• EXTRACTED INFORMATION:
┌────────

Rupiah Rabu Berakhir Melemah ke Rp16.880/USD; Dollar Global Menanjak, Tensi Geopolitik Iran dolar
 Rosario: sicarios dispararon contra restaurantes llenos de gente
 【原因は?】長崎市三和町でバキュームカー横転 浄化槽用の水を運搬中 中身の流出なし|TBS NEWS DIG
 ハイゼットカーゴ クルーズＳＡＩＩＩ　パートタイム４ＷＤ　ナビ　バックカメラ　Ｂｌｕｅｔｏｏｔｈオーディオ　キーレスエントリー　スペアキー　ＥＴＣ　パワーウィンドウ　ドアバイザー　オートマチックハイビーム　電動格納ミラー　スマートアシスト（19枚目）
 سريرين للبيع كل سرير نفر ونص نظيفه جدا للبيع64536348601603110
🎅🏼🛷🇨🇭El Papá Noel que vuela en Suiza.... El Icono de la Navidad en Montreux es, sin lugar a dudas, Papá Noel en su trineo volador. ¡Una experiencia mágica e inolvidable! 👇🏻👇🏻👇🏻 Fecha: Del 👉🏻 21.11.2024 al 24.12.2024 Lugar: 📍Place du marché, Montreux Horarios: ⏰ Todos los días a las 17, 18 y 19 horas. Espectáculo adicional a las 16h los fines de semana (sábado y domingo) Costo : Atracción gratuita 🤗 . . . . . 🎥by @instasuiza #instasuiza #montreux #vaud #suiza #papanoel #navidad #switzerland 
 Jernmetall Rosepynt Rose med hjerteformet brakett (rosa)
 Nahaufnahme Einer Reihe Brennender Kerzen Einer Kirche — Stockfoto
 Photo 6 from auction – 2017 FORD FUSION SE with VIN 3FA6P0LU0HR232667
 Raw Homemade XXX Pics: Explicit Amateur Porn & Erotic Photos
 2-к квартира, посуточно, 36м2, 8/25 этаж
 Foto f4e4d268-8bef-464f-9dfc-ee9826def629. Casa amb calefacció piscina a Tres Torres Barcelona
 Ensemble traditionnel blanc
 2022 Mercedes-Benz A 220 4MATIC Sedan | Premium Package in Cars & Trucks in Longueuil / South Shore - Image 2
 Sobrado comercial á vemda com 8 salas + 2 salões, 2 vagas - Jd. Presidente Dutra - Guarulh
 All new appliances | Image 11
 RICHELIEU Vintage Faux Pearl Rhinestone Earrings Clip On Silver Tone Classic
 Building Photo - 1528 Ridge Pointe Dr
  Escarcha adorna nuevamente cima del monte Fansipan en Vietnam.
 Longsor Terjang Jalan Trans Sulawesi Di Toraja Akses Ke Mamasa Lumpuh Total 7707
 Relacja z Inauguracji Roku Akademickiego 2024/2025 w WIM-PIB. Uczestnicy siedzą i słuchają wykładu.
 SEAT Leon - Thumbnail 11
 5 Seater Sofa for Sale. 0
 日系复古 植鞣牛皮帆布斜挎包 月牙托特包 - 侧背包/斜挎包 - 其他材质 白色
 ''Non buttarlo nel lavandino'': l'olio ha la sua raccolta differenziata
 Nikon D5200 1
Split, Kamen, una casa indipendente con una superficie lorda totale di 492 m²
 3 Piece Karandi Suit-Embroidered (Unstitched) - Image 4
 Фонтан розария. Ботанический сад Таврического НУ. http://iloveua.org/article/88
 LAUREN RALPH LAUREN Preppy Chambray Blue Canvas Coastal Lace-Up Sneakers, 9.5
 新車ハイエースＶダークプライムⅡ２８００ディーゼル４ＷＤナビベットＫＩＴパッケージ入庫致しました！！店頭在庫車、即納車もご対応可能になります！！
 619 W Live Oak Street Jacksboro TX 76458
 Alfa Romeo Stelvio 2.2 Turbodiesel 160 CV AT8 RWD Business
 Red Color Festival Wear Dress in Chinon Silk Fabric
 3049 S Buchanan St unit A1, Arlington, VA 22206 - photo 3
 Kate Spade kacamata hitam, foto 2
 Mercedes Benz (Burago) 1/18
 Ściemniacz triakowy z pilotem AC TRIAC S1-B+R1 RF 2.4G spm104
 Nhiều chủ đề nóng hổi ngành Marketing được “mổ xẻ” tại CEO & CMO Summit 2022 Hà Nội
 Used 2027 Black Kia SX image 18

└────────

• TASK DESCRIPTION:
What are the lines above that hold the string "Benz"? Copy them.

• EXPECTED ANSWER:
 2022 Mercedes-Benz A 220 4MATIC Sedan | Premium Package in Cars & Trucks in Longueuil / South Shore - Image 2
 Mercedes Benz (Burago) 1/18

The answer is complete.